Many column inches in the print media and even more gigahertz of bandwidth in the electronic media have been expended on parsing Gen. Rick Hillier’s recent comments about how long it might take to make the Afghan National Army (ANA) fit to defend Afghanistan on its own.

A recent Globe and Mail editorial is an example, but a sadly rare example, of a correct media analysis.

The Globe and Mail says: “...he owes no apologies for giving an honest assessment of the mission's status ...”

There are two important points that some media outlets have failed to explain to Canadians:

1. It is NOT Gen. Hillier’s duty (or even his right) to ‘sell’ the mission to Canadians. As Ruxted has said: “General Hillier has been the public face of Canada’s mission in Afghanistan and that, as we have said, is wrong. ... the Chief of the Defence Staff should [not] be explaining national policy to Canadians; that is the Prime Minister’s job and he has the bully pulpit in Ottawa, in the Parliament of Canada from which he can and must convince Canadians that our soldiers are fighting and occasionally dying in Afghanistan for good, valid, even noble reasons: for Canada and for Canadian values.”

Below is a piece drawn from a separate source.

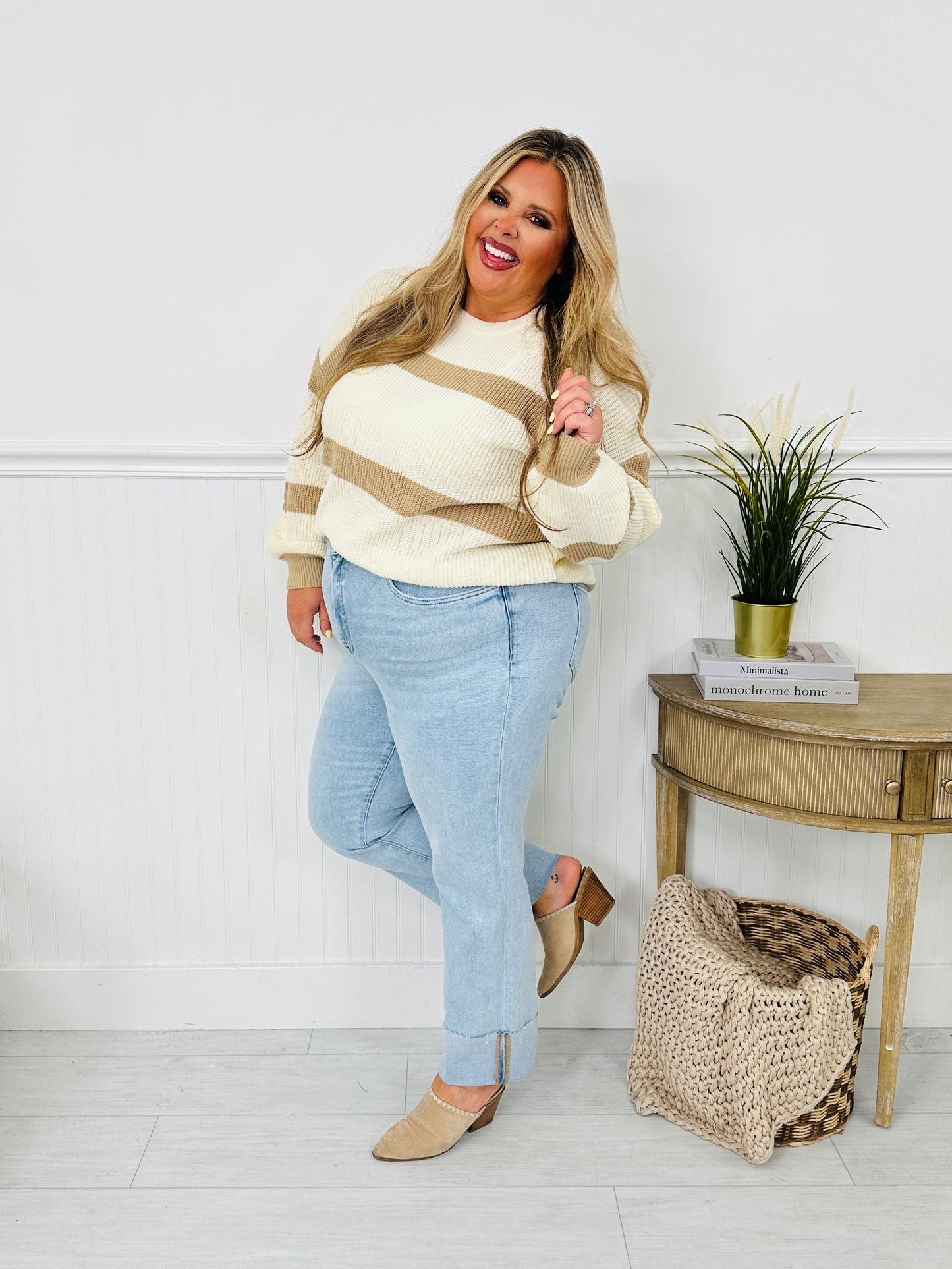 Crush On The Cuff Tummy Control Mom Jeans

But: Gen. Hillier does have a duty to speak to Canadian military personnel about what they are doing, how they ought to do it and why they are doing it, too. He also has a right to transmit that message to the broader ‘military family’ – CF members’ relatives and friends, retired soldiers, etc.

He has been doing that and he has been doing that well. In the process he has been, as the editorial said of his ‘honest assessment,’ telling Canadians at large about the realities of the mission and that is “...something that Canadians surely appreciate from their top general.”

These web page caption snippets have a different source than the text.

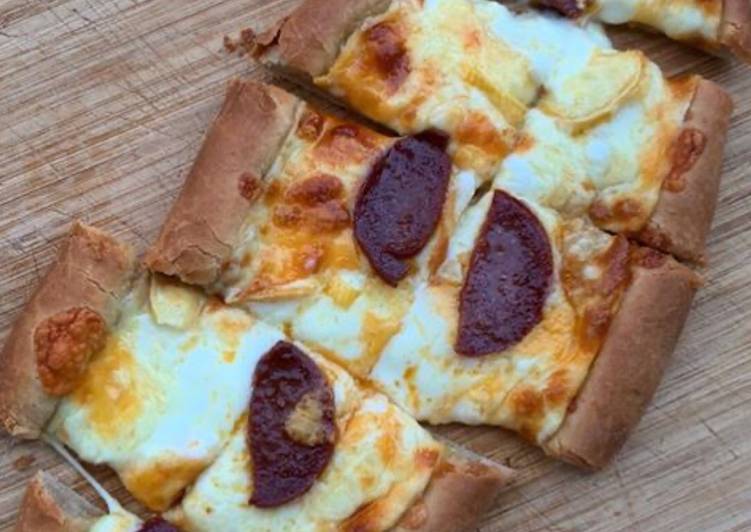 Pide au fromage et sucuk (pizza turque) 🇹🇷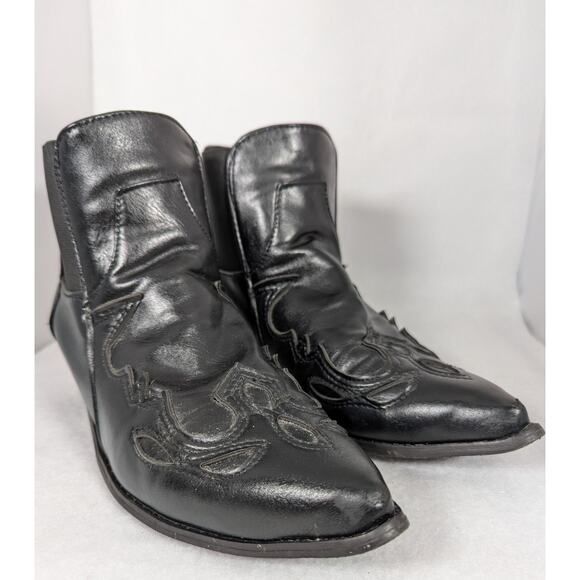 Vegan Unbranded cowgirl short boots Sz 9.5  new insoles wear left see photos - Picture 1 of 10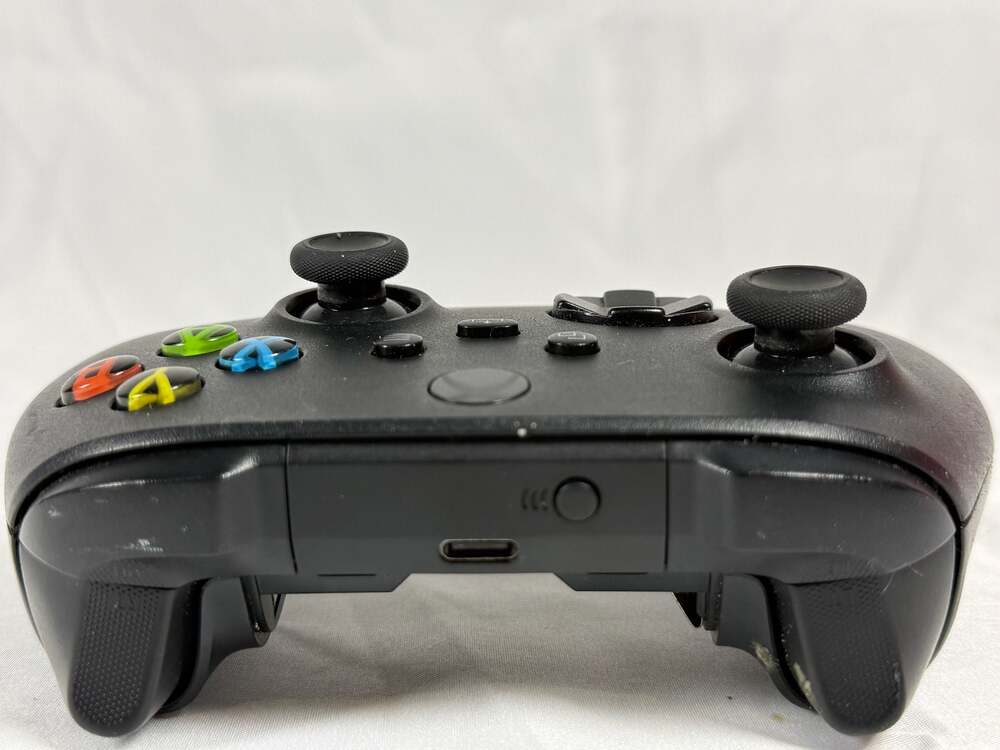 Xbox Wireless Controller - Picture 3 of 5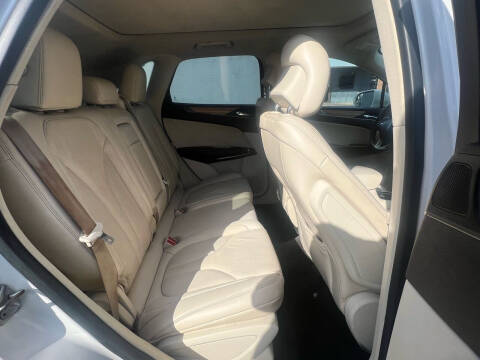 2016 Lincoln MKC Select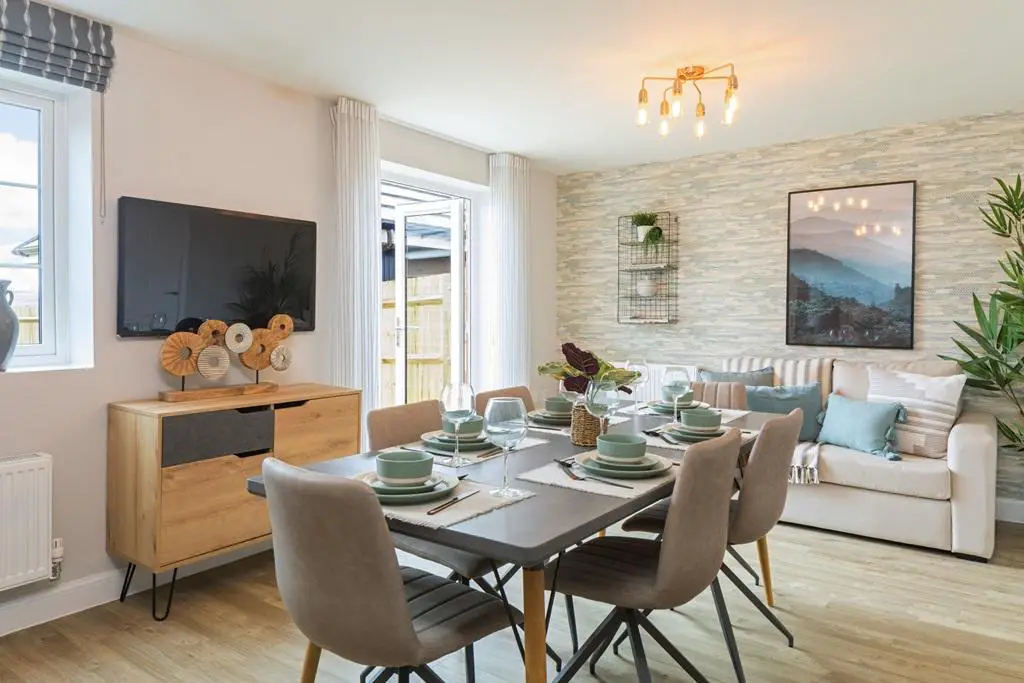 Dining area in 4 bed Bayswater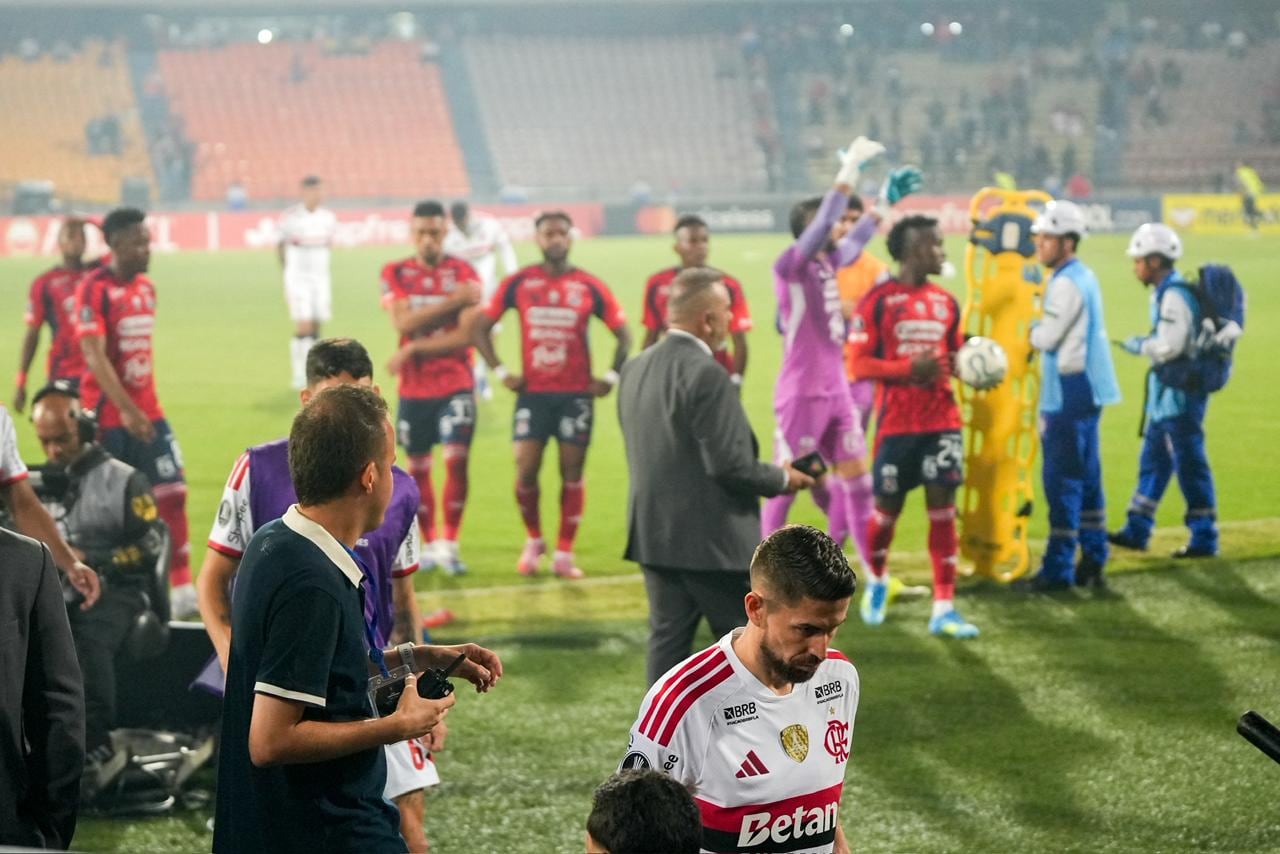 Momentos previos a la cancelación del partido de Independiente Medellín vs. Flamengo
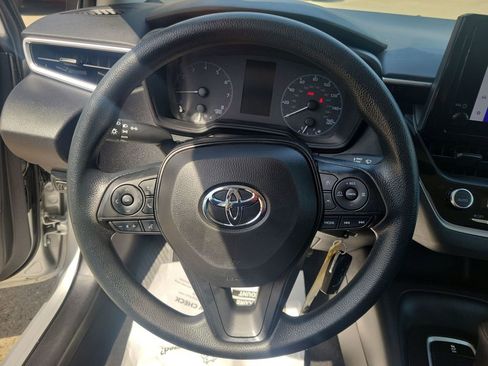 Certified 2024 Toyota Corolla LE image 17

2. The world has changed. Gen. Hillier is, head and shoulders, the most ‘visible’ Canadian military leader in living memory. He is a skilled media ‘performer’ and a reliable source of the ‘sound bites’ which are so essential for TV news, above all.

The relationship of the media and war goes back, at least, to the ‘jingoism’ of the Crimean war period. The media used the war to sell newspapers and the government used the media as a tool for ‘selling’ its policies. That carried on in South Africa nearly a half century later, then in the First and Second World War when Canadian war correspondents were an integral part of our national war effort. The media was conscripted into the government’s propaganda effort.

That changed in the 1960s. First: some journalists were, doubtless, sensitive to the complaint that Edward R. Murrow, for example, was little more than a British propagandist on America’s airwaves. Second: many Americans, including many American journalists, did not approve of the American war in Viet Nam. Third: technology allowed war, for the first time, to intrude into our living rooms. We can, and do, read e.g. Christie Blatchford’s war reporting and we can ‘feel’ the bumps and bruises and terror and laughter but nothing quite captures mass attention like a TV clip. Like it or not war is news and it is brought to our homes, 24 hours a day, seven days a week, on TV.

Gen. Hillier is just another ‘cog’ in the machine. He, and other military commanders, cannot help but be ‘used’ by governments and the media. In “The Unexpected war” Janice Gross Stein and Eugene Lang tell us that Gen. Ray Henault was picked to be CDS (by Prime Minister Chrétien) in some measure because of his skill at media briefings.1 It is not surprising that being ‘media savvy’ is as important to military commanders as it is to business executives.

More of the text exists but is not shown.